Andrea Yates, Who Drowned Her 5 Kids, Waives Release From Mental Facility

Nearly 21 years ago, the world was shaken by the story of Andrea Yates, a mother of five who confessed to drowning her children, one by one, in her home after her husband left for work.
On June 20, 2001, Andrea called police to her Houston home, but did not say why. She was calm on the phone with a 911 dispatcher, which led police to be that much more shocked when they found Andrea's children, 7-year-old Noah, 5-year-old John, 3-year-old Paul, 2-year-old Luke, and 6-month-old Mary, all drowned. After the 911 call, she called her husband Rusty and told him to come home. When he arrived, he was devastated to discover his children were dead.

Andrea's case opened up conversations about postpartum mental health after it was revealed she suffered from postpartum depression and psychosis, as well as schizophrenia. Today, Andrea is continuing mental health treatment at the same facility she's been since 2007.
Andrea was initially charged with two counts of capital murder in the deaths of Noah, John, and Mary and put on trial. Her defense team argued that the mom's mental illness led her to kill her children, going through her two-year history of suicide attempts, depression, and mental health medications. They recommended treatment rather than incarceration, but she was convicted and sentenced to life in prison.

Andrea's mental health continued to decline after her incarceration. She was placed on suicide watch after refusing to eat on one occasion. Her team appealed her conviction and in 2005, it was reversed. In January 2006, Andrea pleaded not guilty by reason of insanity in her second trial.
State District Judge Belinda Hill approved a $200,000 bond on the condition that Andrea voluntarily commit herself to the Rusk State Hospital for psychiatric treatment. The retrial found Andrea not guilty by reason of insanity and she was ordered to a mental facility.

Andrea has been at Kerrville State Hospital, a mental facility in Kerrville, Texas, since January 2007. Each year, Andrea is eligible for a review of her circumstances for release. She has declined the review every year since 2008. She continues her treatment instead.
In February 2014, Yates and her doctors requested that she be allowed to attend supervised group outings with other patients. The request was later withdrawn after extreme public scrutiny.

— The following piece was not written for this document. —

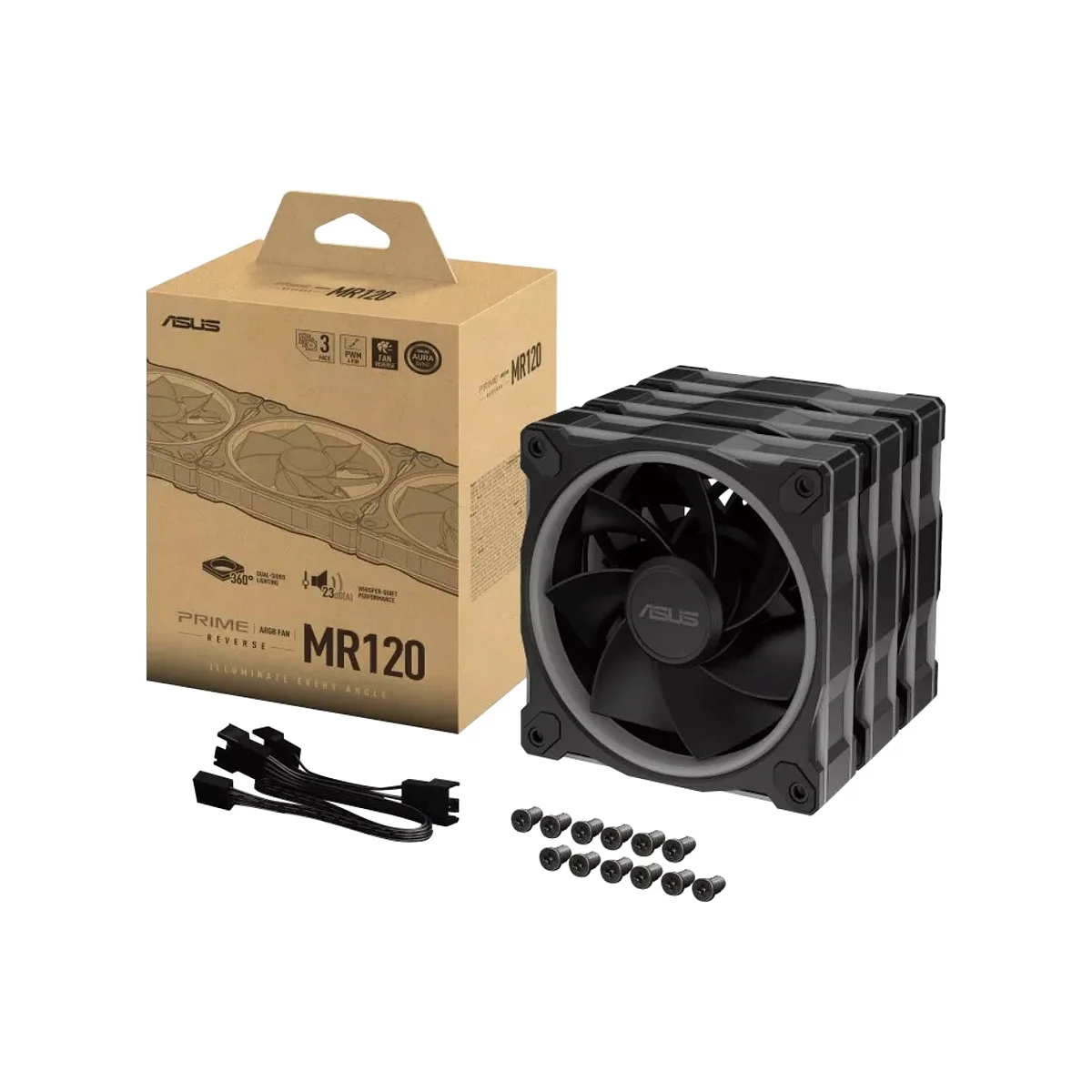 ASUS Prime MR120 ARGB Reverse Triple Pack Case Fan - Black - 90DA00L0-B09020 view 4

"She's where she wants to be. Where she needs to be," Andrea's defense attorney, George Parnham, told ABC News in June 2021.

"And I mean, hypothetically, where would she go? What would she do?"

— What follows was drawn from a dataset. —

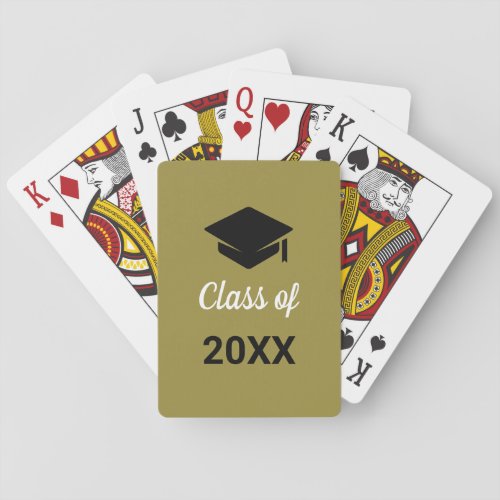 Congrats Grad Graduation Cap Class Of Any Year Poker Cards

Andrea and Rusty divorced in 2005. They are still in contact, with Rusty calling her once a month. He told Oprah Winfrey in 2015 he'd forgiven Andrea.

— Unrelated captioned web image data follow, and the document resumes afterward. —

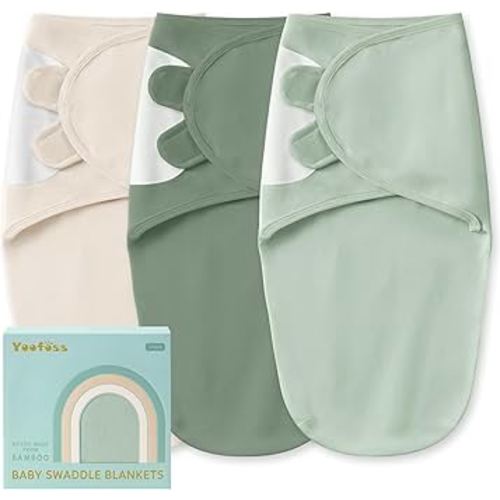 Yoofoss Baby Swaddle for Newborns 0–3 Months, Adjustable Soft & Breathable Swaddles,Noiseless Closure Swaddle Sleep Sack, Durable & Snug Fit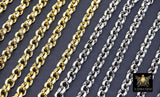 Gold or Silver 6 mm Hammered Textured Rolo Chain, 304 L Stainless Steel Unfinished Chain, By The Foot Yard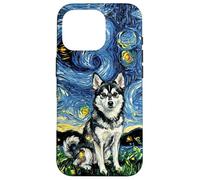Alaskan Klee Kai Starry Night Cute Dog Lover Artwork Case for iPhone 16 Pro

"Forgiveness kind of implies that I have ever really blamed her," he explained.

"In some sense I've never really blamed her because I've always blamed her illness."
Andrea's attorney says that she still mourns her children all these years later. She is able to watch old home videos of her children and Rusty even allowed in their divorce that she could be buried with them when she dies.

"There's not a day that goes by where she doesn't care for, talk about, is happy about her children's lives before June 20 and grieves for her children," Parnham noted.